[DESCRIPTION OF THE TASK]: From the first line to the last, write out the material verbatim.
━━━ ENTRIES PROVIDED ━━━
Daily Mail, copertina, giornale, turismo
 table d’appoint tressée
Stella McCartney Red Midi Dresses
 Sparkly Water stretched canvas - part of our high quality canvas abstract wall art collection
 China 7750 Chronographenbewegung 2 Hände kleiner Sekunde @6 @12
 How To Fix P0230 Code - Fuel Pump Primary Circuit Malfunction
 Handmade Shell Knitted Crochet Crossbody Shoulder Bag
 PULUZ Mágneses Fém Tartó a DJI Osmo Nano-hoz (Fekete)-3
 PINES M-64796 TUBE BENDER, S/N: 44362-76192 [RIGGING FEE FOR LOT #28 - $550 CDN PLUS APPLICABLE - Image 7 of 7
━━━
[TASK OUTPUT]:
Daily Mail, copertina, giornale, turismo
 table d’appoint tressée
Stella McCartney Red Midi Dresses
 Sparkly Water stretched canvas - part of our high quality canvas abstract wall art collection
 China 7750 Chronographenbewegung 2 Hände kleiner Sekunde @6 @12
 How To Fix P0230 Code - Fuel Pump Primary Circuit Malfunction
 Handmade Shell Knitted Crochet Crossbody Shoulder Bag
 PULUZ Mágneses Fém Tartó a DJI Osmo Nano-hoz (Fekete)-3
 PINES M-64796 TUBE BENDER, S/N: 44362-76192 [RIGGING FEE FOR LOT #28 - $550 CDN PLUS APPLICABLE - Image 7 of 7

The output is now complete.